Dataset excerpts
::::::

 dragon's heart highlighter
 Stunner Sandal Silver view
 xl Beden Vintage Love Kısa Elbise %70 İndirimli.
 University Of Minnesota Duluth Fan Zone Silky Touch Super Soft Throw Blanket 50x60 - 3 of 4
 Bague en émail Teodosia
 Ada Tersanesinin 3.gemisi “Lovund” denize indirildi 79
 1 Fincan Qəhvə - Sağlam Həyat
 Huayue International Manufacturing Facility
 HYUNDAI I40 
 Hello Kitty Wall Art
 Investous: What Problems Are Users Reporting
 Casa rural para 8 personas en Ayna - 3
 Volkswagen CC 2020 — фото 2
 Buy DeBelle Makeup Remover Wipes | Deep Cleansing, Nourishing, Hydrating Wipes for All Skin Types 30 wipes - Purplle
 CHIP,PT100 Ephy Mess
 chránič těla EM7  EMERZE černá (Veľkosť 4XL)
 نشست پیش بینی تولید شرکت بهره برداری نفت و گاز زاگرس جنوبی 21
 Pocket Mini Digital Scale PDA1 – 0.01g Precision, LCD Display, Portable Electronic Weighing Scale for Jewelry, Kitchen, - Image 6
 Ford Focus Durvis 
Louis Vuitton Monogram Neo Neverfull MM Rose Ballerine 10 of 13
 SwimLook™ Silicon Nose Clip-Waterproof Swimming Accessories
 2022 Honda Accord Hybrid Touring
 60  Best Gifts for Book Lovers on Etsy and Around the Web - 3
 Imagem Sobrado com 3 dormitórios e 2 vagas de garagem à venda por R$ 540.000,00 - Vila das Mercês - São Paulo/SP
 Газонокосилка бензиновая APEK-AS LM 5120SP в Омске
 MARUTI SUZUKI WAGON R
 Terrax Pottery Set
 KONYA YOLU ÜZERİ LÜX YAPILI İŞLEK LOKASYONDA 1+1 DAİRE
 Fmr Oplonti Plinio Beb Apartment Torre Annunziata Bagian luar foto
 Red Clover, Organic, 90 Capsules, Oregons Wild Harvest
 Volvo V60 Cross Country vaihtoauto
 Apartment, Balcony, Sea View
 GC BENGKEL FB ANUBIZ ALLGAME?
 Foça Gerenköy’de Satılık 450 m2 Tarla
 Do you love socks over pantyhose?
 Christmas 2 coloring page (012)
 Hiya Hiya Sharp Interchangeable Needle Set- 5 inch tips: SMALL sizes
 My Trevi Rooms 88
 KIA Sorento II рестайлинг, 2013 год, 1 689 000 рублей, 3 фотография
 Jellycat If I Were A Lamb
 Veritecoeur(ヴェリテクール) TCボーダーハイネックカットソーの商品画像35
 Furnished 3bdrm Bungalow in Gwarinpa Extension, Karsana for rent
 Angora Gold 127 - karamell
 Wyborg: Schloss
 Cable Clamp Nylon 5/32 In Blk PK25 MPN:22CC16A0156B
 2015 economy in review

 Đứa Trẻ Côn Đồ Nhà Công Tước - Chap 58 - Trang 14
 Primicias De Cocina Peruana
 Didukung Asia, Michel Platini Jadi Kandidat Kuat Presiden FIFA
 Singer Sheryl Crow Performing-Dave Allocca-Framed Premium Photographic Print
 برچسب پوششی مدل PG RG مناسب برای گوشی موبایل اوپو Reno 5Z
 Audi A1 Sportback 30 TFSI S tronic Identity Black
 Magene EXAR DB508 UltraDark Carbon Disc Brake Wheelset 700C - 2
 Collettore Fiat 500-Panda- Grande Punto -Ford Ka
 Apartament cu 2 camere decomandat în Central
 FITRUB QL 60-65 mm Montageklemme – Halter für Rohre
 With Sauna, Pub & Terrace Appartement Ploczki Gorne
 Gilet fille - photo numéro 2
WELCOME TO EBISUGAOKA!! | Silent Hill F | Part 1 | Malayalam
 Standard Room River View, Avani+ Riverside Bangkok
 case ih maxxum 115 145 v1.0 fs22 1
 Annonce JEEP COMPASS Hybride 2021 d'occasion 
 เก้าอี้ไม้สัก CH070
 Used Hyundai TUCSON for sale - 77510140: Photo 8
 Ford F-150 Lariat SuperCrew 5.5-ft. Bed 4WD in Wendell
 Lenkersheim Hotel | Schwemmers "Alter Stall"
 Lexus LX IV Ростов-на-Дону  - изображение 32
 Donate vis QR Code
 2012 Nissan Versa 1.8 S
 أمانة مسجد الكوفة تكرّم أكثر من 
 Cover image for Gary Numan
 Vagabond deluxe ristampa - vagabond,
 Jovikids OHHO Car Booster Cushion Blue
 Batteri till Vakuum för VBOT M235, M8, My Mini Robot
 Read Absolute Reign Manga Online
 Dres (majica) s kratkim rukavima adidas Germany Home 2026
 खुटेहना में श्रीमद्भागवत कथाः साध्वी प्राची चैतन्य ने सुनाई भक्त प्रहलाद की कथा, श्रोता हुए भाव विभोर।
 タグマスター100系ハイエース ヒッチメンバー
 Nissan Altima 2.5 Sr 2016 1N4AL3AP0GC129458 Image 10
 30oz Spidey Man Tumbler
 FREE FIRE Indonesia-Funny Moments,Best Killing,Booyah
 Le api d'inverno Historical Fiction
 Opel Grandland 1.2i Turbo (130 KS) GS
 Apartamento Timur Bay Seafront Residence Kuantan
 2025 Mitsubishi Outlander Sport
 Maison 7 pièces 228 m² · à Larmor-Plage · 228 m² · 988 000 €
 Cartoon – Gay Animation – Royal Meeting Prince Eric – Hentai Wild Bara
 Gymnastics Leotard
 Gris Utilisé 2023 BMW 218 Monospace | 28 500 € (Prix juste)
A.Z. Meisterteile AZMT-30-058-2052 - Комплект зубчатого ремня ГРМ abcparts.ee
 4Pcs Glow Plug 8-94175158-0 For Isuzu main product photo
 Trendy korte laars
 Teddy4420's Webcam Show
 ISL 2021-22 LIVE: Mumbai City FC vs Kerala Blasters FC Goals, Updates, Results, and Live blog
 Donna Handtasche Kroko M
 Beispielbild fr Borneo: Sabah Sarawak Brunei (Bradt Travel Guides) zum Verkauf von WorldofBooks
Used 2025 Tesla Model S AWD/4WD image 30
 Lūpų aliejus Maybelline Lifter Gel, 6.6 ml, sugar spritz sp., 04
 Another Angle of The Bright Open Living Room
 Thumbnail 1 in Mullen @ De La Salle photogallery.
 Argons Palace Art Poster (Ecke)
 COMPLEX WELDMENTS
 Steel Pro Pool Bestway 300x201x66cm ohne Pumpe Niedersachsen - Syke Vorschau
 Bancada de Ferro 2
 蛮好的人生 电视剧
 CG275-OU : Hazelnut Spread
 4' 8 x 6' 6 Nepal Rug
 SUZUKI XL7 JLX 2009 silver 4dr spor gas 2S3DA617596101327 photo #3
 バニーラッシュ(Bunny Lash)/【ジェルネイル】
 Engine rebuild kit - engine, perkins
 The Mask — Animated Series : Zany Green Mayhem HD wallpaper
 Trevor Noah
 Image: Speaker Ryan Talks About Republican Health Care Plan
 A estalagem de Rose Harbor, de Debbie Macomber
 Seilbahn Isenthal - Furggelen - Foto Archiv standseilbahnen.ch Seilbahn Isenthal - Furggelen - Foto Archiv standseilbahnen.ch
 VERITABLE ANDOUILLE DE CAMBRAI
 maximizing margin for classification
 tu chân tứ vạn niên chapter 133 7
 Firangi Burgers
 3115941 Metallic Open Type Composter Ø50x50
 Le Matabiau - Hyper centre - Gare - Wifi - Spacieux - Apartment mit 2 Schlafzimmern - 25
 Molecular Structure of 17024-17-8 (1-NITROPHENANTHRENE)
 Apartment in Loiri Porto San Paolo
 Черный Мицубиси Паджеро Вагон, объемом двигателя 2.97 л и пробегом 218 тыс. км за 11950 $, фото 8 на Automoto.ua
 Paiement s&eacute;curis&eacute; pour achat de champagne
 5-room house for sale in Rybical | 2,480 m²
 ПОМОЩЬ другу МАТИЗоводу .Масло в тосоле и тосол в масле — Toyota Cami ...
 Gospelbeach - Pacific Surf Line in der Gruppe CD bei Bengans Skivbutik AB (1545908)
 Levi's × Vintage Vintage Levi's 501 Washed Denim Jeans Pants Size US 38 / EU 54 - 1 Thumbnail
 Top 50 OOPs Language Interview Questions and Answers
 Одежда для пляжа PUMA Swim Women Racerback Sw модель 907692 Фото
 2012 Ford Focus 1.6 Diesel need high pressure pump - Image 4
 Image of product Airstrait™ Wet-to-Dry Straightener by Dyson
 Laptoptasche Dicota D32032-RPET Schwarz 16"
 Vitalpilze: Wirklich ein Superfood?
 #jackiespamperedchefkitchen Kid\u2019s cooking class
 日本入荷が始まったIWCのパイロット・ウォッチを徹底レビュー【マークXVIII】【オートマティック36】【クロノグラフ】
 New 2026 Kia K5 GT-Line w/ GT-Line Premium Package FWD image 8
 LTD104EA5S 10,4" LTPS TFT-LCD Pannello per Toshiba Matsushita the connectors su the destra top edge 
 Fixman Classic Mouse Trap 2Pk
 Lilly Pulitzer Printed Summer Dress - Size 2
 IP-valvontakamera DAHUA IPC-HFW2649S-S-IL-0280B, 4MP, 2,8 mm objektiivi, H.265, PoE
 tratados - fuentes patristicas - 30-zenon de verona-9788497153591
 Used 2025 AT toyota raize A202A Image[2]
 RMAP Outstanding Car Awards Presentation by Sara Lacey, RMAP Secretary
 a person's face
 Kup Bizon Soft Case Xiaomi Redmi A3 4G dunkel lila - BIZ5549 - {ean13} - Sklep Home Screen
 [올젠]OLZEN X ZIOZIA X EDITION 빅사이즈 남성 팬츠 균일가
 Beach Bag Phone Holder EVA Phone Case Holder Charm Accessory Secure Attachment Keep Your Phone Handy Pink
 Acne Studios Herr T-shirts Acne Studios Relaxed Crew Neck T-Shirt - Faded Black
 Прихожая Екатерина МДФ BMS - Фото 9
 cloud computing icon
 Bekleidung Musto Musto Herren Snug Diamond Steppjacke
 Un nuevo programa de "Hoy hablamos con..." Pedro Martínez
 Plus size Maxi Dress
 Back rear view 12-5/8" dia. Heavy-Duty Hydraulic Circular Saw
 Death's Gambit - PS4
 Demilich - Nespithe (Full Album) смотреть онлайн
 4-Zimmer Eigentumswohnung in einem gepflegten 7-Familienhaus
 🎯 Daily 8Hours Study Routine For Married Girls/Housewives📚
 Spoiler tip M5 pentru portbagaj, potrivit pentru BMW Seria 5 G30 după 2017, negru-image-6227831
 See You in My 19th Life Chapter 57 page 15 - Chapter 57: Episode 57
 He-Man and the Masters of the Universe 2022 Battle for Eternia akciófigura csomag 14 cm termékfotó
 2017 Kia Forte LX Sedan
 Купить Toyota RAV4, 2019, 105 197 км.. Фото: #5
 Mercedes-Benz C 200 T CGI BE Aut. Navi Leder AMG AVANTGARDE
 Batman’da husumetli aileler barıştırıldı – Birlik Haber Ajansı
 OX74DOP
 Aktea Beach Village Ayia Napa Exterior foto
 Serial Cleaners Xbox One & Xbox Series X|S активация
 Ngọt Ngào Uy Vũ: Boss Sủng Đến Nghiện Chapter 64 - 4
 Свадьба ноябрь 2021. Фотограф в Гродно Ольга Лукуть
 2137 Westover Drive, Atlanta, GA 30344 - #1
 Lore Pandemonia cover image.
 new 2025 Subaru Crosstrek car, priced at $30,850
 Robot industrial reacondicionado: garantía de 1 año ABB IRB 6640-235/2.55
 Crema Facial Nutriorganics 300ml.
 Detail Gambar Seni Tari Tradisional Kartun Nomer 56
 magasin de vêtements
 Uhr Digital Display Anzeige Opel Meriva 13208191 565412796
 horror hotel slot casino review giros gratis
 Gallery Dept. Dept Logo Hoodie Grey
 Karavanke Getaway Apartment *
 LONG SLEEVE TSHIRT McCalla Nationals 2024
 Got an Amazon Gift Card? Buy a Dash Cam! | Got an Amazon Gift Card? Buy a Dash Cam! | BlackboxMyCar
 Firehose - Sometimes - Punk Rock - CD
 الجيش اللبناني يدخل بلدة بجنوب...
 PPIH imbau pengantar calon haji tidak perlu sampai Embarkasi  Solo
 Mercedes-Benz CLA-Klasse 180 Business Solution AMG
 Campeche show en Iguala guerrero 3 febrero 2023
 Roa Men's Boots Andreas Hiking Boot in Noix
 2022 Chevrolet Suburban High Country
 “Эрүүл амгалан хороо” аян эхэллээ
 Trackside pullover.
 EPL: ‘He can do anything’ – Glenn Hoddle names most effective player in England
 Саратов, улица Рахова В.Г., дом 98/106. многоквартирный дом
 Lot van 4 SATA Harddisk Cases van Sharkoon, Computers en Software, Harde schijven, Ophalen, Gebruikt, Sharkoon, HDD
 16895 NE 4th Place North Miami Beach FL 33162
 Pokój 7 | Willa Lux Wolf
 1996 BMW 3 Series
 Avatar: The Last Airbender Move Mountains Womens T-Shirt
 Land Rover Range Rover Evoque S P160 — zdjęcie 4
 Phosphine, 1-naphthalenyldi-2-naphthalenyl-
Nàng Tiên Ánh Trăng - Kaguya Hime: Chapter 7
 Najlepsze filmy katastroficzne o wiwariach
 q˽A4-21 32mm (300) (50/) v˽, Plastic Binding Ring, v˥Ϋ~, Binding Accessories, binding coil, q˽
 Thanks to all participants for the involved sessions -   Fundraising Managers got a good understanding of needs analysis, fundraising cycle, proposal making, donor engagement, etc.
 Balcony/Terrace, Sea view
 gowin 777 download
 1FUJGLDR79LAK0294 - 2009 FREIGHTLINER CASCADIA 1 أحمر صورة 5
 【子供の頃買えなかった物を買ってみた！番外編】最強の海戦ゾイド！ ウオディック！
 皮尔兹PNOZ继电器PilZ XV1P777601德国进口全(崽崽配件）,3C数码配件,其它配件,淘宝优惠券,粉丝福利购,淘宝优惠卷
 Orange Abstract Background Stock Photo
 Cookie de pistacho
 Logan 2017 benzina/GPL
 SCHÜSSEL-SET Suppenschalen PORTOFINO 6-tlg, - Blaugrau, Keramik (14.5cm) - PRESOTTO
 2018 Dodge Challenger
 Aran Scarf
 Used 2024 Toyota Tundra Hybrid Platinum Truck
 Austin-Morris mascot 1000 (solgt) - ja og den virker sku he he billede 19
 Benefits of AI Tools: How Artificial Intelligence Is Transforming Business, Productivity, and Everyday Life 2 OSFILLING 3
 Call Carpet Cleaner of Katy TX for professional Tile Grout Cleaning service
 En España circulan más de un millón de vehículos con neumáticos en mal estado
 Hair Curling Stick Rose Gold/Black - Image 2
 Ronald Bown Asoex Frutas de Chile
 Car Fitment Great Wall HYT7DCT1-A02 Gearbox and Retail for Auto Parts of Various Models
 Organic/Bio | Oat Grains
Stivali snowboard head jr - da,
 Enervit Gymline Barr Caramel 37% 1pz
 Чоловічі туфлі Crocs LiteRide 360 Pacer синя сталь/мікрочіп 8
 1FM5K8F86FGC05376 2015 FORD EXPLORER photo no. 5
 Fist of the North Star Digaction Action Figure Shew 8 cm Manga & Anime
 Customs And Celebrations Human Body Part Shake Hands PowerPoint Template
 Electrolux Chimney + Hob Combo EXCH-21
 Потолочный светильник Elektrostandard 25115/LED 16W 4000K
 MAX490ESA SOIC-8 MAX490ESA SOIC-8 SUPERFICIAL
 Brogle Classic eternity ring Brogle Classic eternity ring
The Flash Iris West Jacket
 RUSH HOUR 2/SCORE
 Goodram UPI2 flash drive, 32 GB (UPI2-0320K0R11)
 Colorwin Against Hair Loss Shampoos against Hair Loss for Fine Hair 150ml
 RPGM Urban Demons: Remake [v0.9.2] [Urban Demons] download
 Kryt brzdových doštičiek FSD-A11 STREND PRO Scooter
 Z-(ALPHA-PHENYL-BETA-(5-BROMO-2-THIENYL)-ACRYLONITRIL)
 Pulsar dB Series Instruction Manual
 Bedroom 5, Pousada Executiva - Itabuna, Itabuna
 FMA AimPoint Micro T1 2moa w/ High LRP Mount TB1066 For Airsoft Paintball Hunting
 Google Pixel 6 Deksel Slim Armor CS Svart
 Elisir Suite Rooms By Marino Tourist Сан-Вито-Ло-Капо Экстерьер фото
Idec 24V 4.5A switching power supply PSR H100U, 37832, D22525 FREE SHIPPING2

::::::

§ **Task prompt**
In your reply, restate exactly the lines from the start of the records above through the line holding "Volkswagen CC 2020 — фото 2", including both, and nothing else.

§ **Solution for this exercise**
 dragon's heart highlighter
 Stunner Sandal Silver view
 xl Beden Vintage Love Kısa Elbise %70 İndirimli.
 University Of Minnesota Duluth Fan Zone Silky Touch Super Soft Throw Blanket 50x60 - 3 of 4
 Bague en émail Teodosia
 Ada Tersanesinin 3.gemisi “Lovund” denize indirildi 79
 1 Fincan Qəhvə - Sağlam Həyat
 Huayue International Manufacturing Facility
 HYUNDAI I40 
 Hello Kitty Wall Art
 Investous: What Problems Are Users Reporting
 Casa rural para 8 personas en Ayna - 3
 Volkswagen CC 2020 — фото 2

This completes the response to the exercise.